■ Rosi Rolands Bremer Geschichten: Tanzende Mäuse
Ist die Katze aus dem Haus, tanzen die Mäuse auf dem Tisch. Während der alte Wirtschaftssenator Perschau sich schon den Haushaltslöchern im Finanzressort widmete und der neue Senator Josef Hattig während der vergangenen Wochen noch die letzten Aktenstöße von seinem Chef-Schreibtisch im Beck's-Tower wegarbeitete, versuchten sich Schattensenator Frank Haller und seine Getreuen mal wieder im Querschießen. Objekt ihrer Zielübungen war, wie schon so oft, CDU-Bausenator Bernt Schulte. Als Munition diente wieder die Klage, dessen Bau-Pläne würden den Autoverkehr in der City behindern.
Konkret ging es um die Faulenstraße: Schulte hatte sich ja vor einigen Wochen aus dem Fenster gehängt und stolz den historischen Kompromiß verkündet, um die von der Innenstadt abgehängte Meile zum Shopping attraktiver und dennoch für genügend Blech passierbar zu machen: Straßenbahn, breitere Bürgersteige, weniger, aber immer noch genug Platz für Autos, Bäume, da und dort Radweg-Stücke und Parkplätze. Zahlen sollte – wer sonst – das Wirtschaftsressort wegen Aufwertung der Innenstadt gleich Stärkung der Wirtschaftskraft und so.
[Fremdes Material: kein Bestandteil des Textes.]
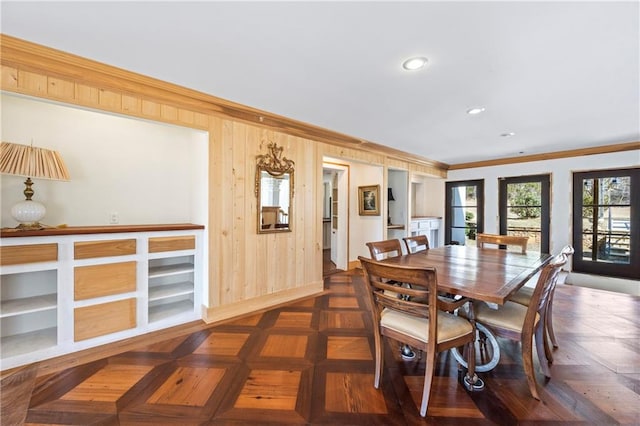 dining area with wooden walls, ornamental molding, and recessed lighting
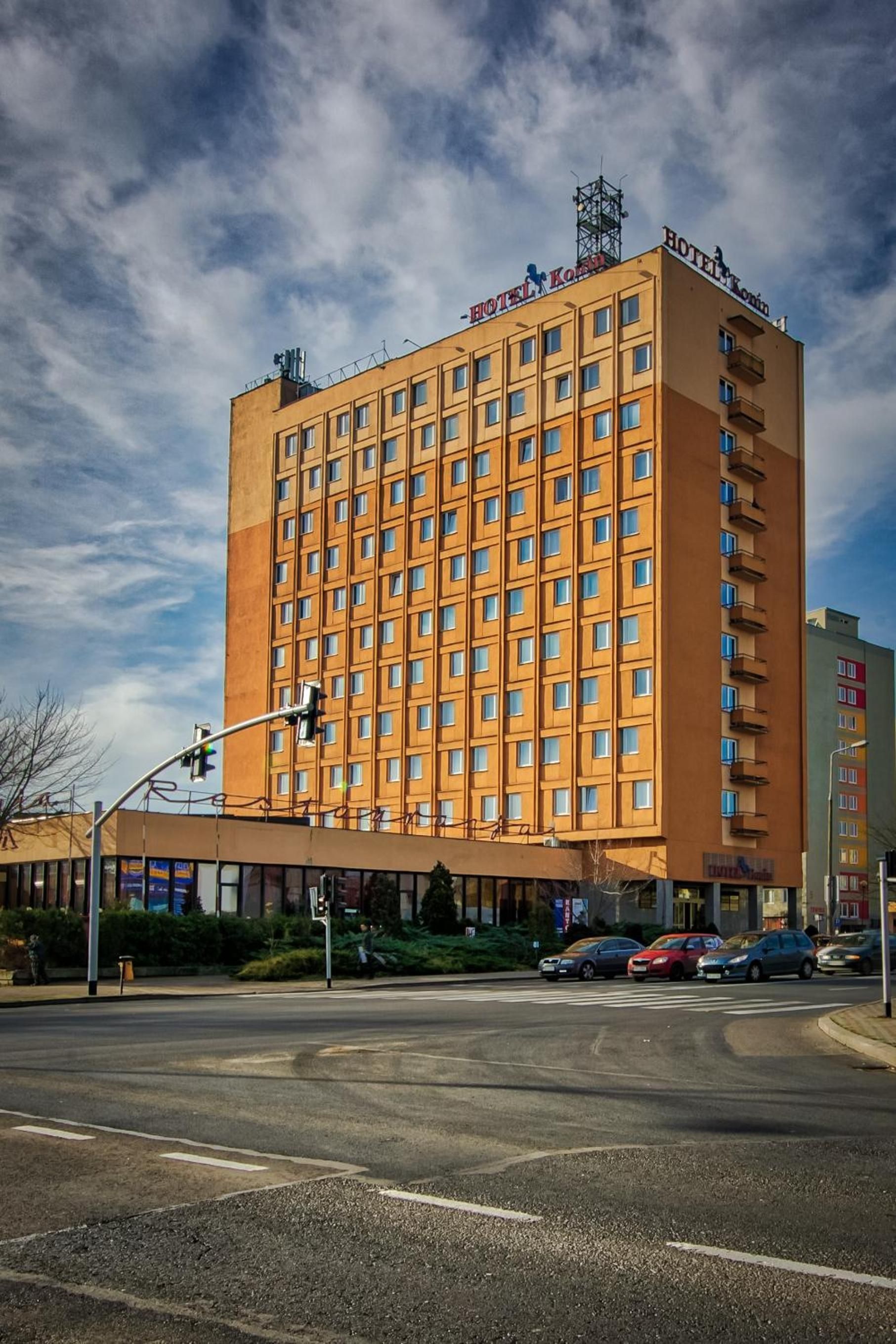 A multi-story hotel with a uniform facade, numerous windows, and a flat roof.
Auch die Wirtschaftsbeamten hatten dem Kompromiß zugestimmt. In einer legendären Sitzung im Sparkassen-Gebäude am Brill waren die verschiedenen Meinungen auf sanften Druck des größten Anliegers zusammengeknüpft worden. Dachten alle, bis die Bauplaner erstaunt Briefe von Frank Hallers Beamten bekamen, die das Geld nicht rausrücken wollten. Die Förderer des Innenstadt-Handels rauften sich die Haare, müssen sie sich doch mit den sensiblen Anliegern wie dem Elektronikkaufhaus Saturn-Hansa herumschlagen, das sowieso lieber heute als morgen seinen abgelegenen Standort aufgeben würde.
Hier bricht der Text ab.